Now what about operating schools like ‘pushy parents.’ On the one hand what a clever analogy for illustrating to schools how much they should want the children in their care to achieve. On the other hand: what a mind-bogglingly stupid thing to say-for two reasons. Firstly the thought that schools don’t do everything they can to capitalise opportunities for their pupils to support their educational development shows an innate lack of understanding of how schools operate. Secondly, it actually doesn’t work as the Free Schools are showing us. The Free School movement which gave those pushy parents who thought they could set up a school the chance to do so has been rather embarrassed recently thanks to Michael Wilshaw’s exacting standards. The first three of nine have been judged ‘not good enough’ by Ofsted-not a great start is it? Who appointed those Head Teachers? Who set the expectations for these schools so low? Maybe the individualistic mind-set of a pushy parent is not the best way to strategically lead an entire organisation but who am I to judge…I’m just a professional.
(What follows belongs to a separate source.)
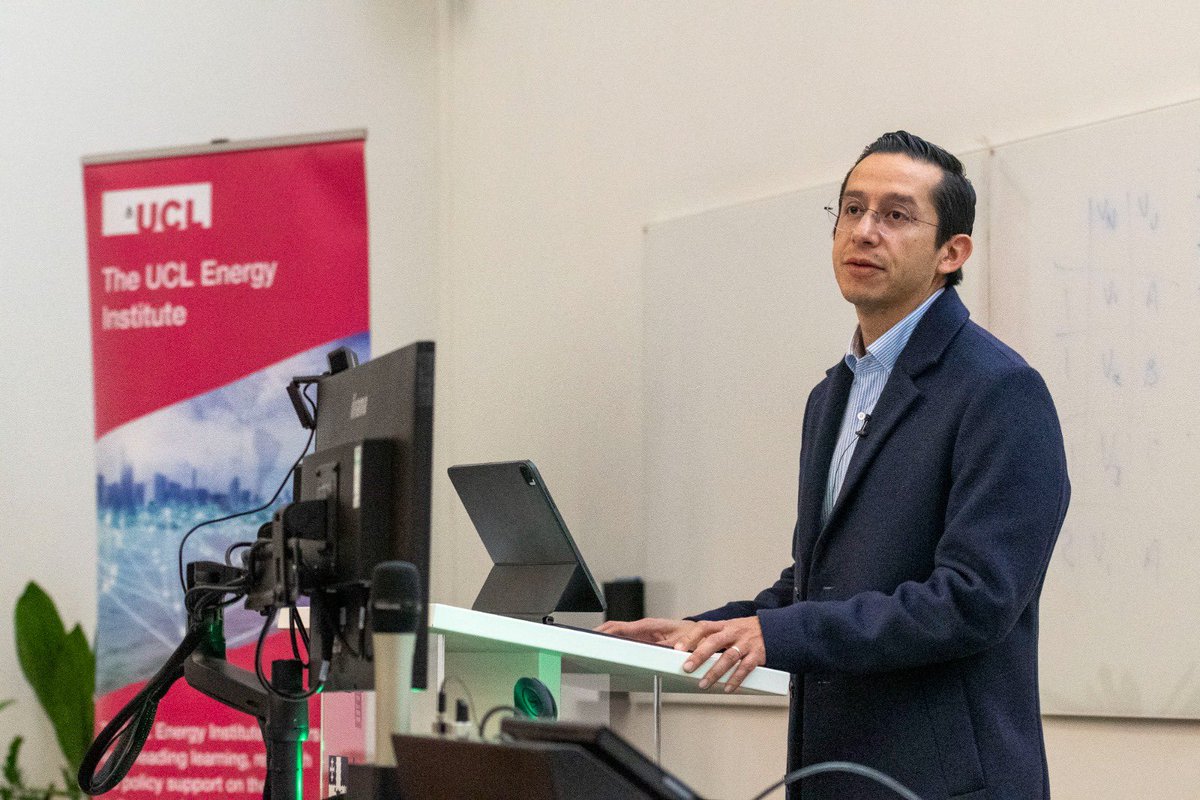 Escuela de Gobierno tweet media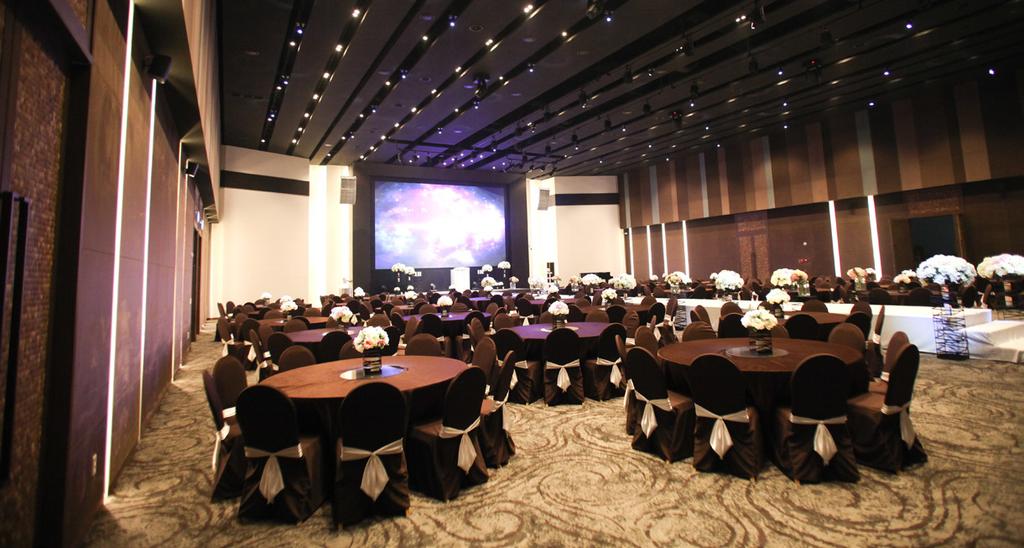 CONCERT HALL Other Benefits ( Wedding) CLASIC HALL Family Event (Room service, Banquet) 10% Discount Family Event (Room service, Banquet) 15% Discount Food & Beverage Facilities 3% discount on use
Finally, the proposed national curriculum. I am not going to repeat things I have said about what I think about the new curriculum. Instead I will share a critique of the 1988 Conservative government’s first national curriculum:
The National Curriculum was written by a government quango: teachers had virtually no say in its design or construction. It was almost entirely content-based. Dennis Lawton, of the University of London Institute of Education, described it as the reincarnation of the 1904 Secondary Regulations.
It was huge and therefore unmanageable, especially at the primary level, and its introduction resulted in a significant drop in reading standards. It divided the curriculum up into discrete subjects, making integrated ‘topic’ and ‘project’ work difficult if not impossible. But perhaps the most damaging outcome of it was that it prevented teachers and schools from being curriculum innovators and demoted them to curriculum ‘deliverers’.
It seems incredible that the parallels are so striking and yet numbingly inevitable. The lack of insight, perspective and educational input seems to fly in the face of ‘aspiration nation’ and shows it up for the hollow phraseology it is. For a government that seems to place a lot of significance on knowing the history of this country it seems rather pitiful that with their own short-sighted views of education they are clearly in danger of repeating it.